**What is expected**. What you give back from the listing below should be an exact copy of the lines from the one with "The relationship is" down to the one with "So here you", and it should contain no pictures.

*** Available records Section Begins ***

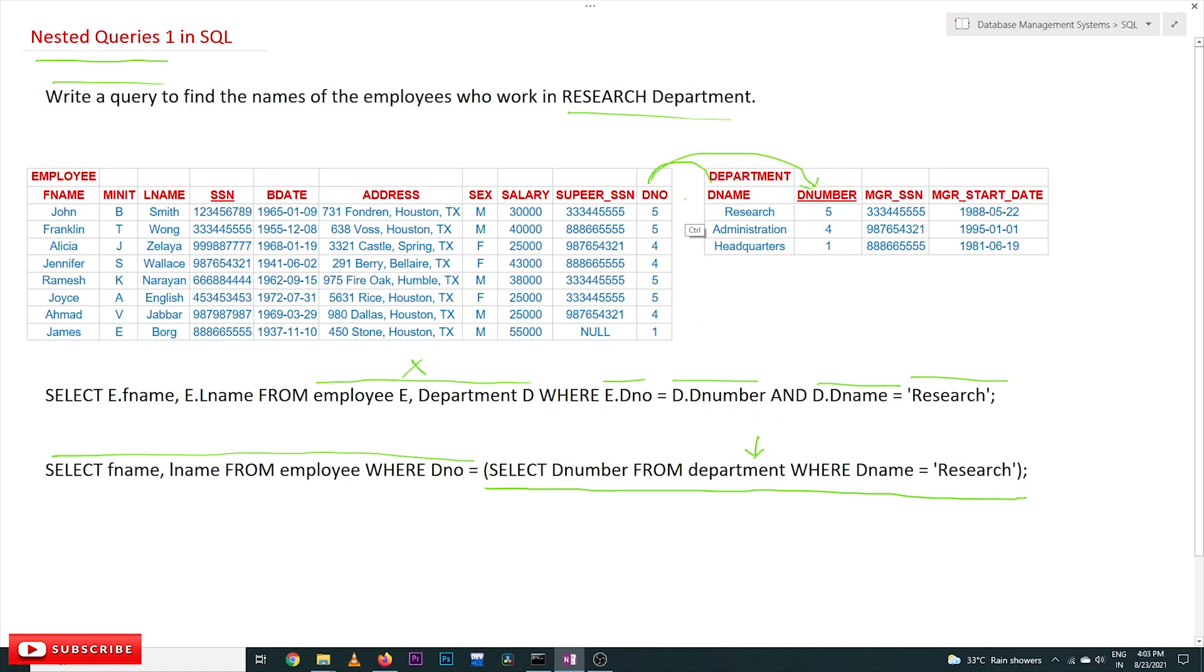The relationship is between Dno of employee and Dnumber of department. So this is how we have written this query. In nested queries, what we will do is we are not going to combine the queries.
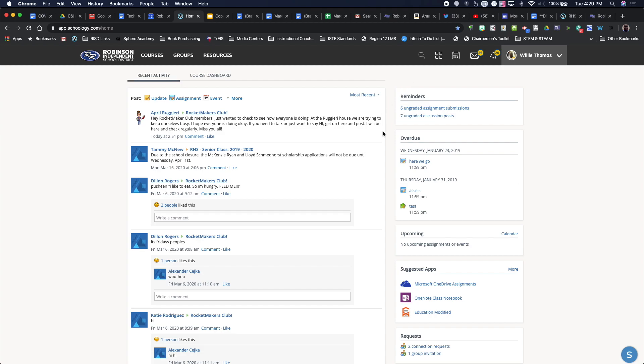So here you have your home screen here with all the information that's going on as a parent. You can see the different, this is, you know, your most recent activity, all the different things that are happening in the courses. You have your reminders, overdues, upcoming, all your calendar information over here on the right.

*** Available records Section Ends ***
*** Available records Section Begins ***

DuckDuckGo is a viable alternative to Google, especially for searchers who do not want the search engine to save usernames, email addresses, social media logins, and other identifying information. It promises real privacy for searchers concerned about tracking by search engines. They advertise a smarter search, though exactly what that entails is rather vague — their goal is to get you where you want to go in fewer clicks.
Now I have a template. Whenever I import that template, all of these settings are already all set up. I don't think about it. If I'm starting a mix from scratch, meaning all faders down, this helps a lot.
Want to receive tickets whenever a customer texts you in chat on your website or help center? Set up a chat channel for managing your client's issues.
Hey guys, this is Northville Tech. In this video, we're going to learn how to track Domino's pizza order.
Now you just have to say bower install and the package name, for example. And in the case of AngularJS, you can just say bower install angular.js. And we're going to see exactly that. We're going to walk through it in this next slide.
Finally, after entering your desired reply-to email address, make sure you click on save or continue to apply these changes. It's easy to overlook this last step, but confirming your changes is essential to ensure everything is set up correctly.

*** Available records Section Ends ***

**Response**.
The relationship is between Dno of employee and Dnumber of department. So this is how we have written this query. In nested queries, what we will do is we are not going to combine the queries.
So here you have your home screen here with all the information that's going on as a parent. You can see the different, this is, you know, your most recent activity, all the different things that are happening in the courses. You have your reminders, overdues, upcoming, all your calendar information over here on the right.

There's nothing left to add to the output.